If this is a new issue from today then I can test on my dev-server to confirm ( last update was a few days to a week ago )....
If I recall, command-line is executed one command after the other where-as in a file with a pointer is where Error would prevent the pointer from continuing down the file.
The entire string is ran as a single block of code.
If I recall, command-line is executed one command after the other where-as in a file with a pointer is where Error would prevent the pointer from continuing down the file.
This is not the case. You can see by the fact that "why" is not printed to console, and also the fact that I know about this to start off with. (Unless you regularly type random functions into console to check that they work?)
Then I stand corrected in terms of the behavior!
It appears the same behavior is on my end ( dev version, last update a few days to a week ago ). ErrorNoHalt and Error allow the next command to output while error prevents this; both using lua_run... I use lua_run, rarely, when testing certain functionality without triggering auto-refresh...
If ran as a single block of code, then this is undesired behavior.
Edit: I just tested it in a file... Same results.
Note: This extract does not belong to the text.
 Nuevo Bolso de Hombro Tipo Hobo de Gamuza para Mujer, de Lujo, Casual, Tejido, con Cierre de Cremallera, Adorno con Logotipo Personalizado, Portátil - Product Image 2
Error failed to prevent the pointer from continuing whether called alone in a file or in a function called from the file.
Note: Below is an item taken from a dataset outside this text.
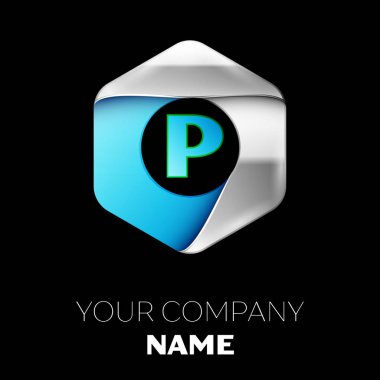 Gerçekçi mavi mektup P logo sembol siyah arka plan üzerinde renkli gümüş-mavi altıgen şeklinde. Tasarımınız için vektör şablonu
If you're still not convinced that it's not an exciting variation caused by the console, try this
function test(foo)
if not foo then
Error("No foo provided!")
end
foo.bar()
end
test()
output:
] lua_openscript errortest.lua
Running script errortest.lua...
No foo provided!
[ERROR] lua/errortest.lua:5: attempt to index local 'foo' (a nil value)
1. test - lua/errortest.lua:5
2. unknown - lua/errortest.lua:7
I think this has been beyond confirmed :kiss: Same result in both branches.
3 years later and still no way to throw a halting error without the stack trace
It wasn't changed since June 2014 (as far as our commit history goes), but they indeed both run exactly the same code.
@Kefta why would you want to?
Because I'm making a Lua preprocessor that alters line count and function bounds so I need to print out my own stack trace.